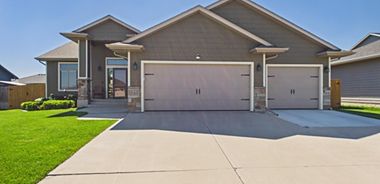 image of property with 4 Bed | 3 Bath | 2,034 Sqft
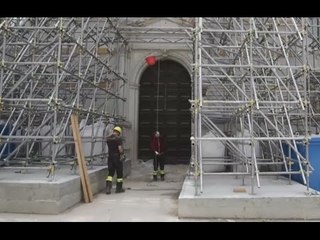 Descargar video: Norcia (PG) - Terremoto, lavori di bonifica per chiesa S.Maria Argentea (02.05.17)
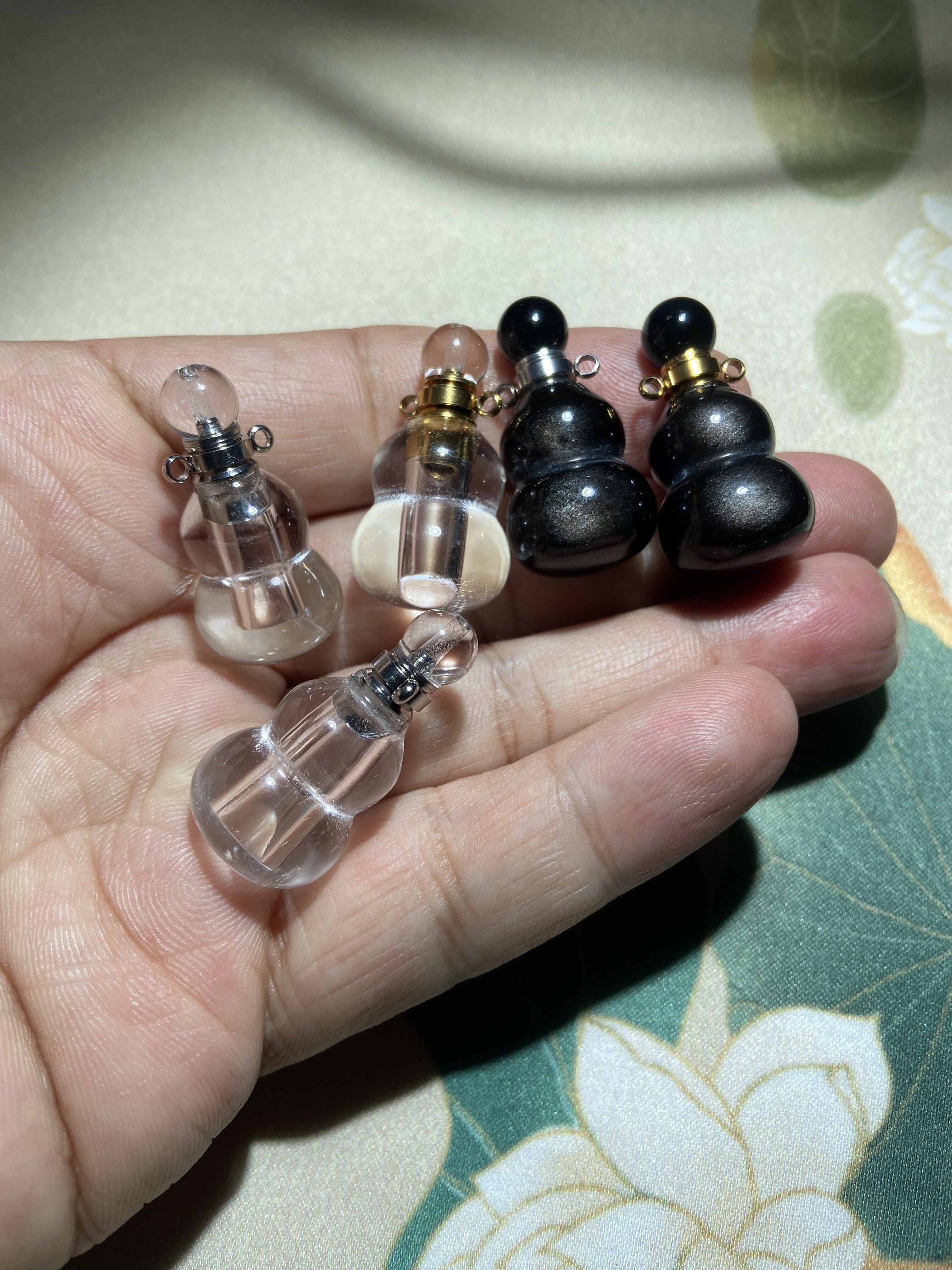 天然白水晶葫芦香水瓶吊坠香薰散香精油空瓶扩香项链挂件礼物包挂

_Exercise brief_.
Beginning with the line that contains "Descargar video: Norcia", output each line of the material above through the last one exactly as it stands. Do not include the pictures.

_Result_.
 Descargar video: Norcia (PG) - Terremoto, lavori di bonifica per chiesa S.Maria Argentea (02.05.17)
 天然白水晶葫芦香水瓶吊坠香薰散香精油空瓶扩香项链挂件礼物包挂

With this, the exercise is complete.